Different time frame snapshots of unfolding at 40 ns time interval for a protein with water and urea at (a) 300 K (b) at 400 K temperature. Protein_H2O and Protein_8.0 represent the protein in water and 8 M urea, respectively (Kalita et al. 2018a). The MD simulation was run for 200 ns

7.8.3.2 GdnHCl-Induced Unfolding Analysis

Syed et al. performed the denaturation study of a protein using GdnHCl at 300 K (Syed et al. 2018). 100 ns MD simulation was run to investigate the atomic-level changes. Various structural parameters such as RMSD, RMSF, Rg, SASA, the number of hydrogen bonds, and PCA were calculated and revealed the unfolding mechanism of the protein (Syed et al. 2018).

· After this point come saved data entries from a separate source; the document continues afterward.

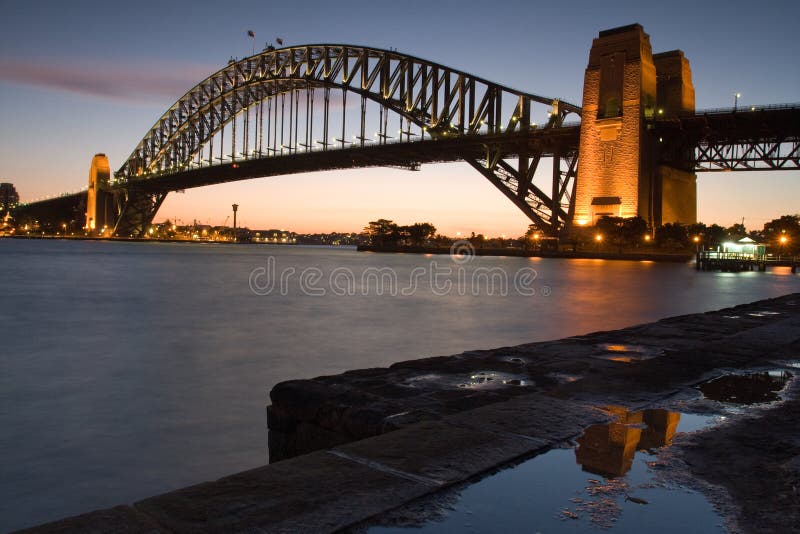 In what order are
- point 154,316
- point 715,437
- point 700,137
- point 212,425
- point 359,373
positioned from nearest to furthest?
point 715,437 → point 359,373 → point 212,425 → point 154,316 → point 700,137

7.8.3.3 pH-Induced Effects on the Structure and Stability of the Protein

MD simulation can also be performed in different pH values to model the structural rearrangement pattern in different pH conditions. Syed et al. also used pH in MD simulation (2, 4, 6, 8, 10, and 12) to study protein unfolding. Their analyses on a particular protein suggest that it can maintain the secondary and tertiary structure in the alkaline pH. In contrast, in the acidic condition (pH 2.0–5.5), significant structural changes occur (Syed et al. 2015).

7.9 Conclusions

Proteins are dynamic entities, and the dynamic nature defines its function. The availability of an accurate 3D structure is essential to understand the protein dynamics and function. The 3D structure may be solved using X-ray crystallography, NMR, or computational methods. Although these methods provide detailed information on protein structure, they still fail to provide sufficient information on protein dynamics and motion. MD simulation has a history of more than 43 years. It is a widely used technique for predicting the dynamic picture of any biological system. Development of GPUs based high computational capability system is a milestone for the MD simulation to reduce the time for predicting the dynamics of biological molecules such as nucleic acids, proteins, carbohydrates, and many more and their molecular interactions with each other or with small molecules inhibitors. MD simulation is a potent tool to solve difficult biological problems, which happen in second to millisecond time-scales like molecular interaction of protein–protein, protein–ligand interaction, protein folding, and unfolding analysis. It considers the biological pH, the surrounding molecules for creating the cell-like environment like water and lipids, as well as co-enzymes, ions, and nucleic acid. MD simulations provide atomic-level details of atom interaction that are associated with the function of the molecules. The binding free energy, various energy constituents, and residue-wise binding contribution with a ligand can be predicted using the MM-PBSA tool. This information is beneficial for further improvement in the binding affinity. The QM and MM method implementation in the MD simulation has drastically changed towards the enhancement of accuracy of the binding free energy. By using these methods, we can easily find out the role of polarization and electronic effects in protein–protein and protein–ligand interactions. MD simulation can be used to reveal the chemistry and dynamics of a biological system by providing an appropriate model and physical conditions.

Competing Interest

The authors declare that there are no competing interests.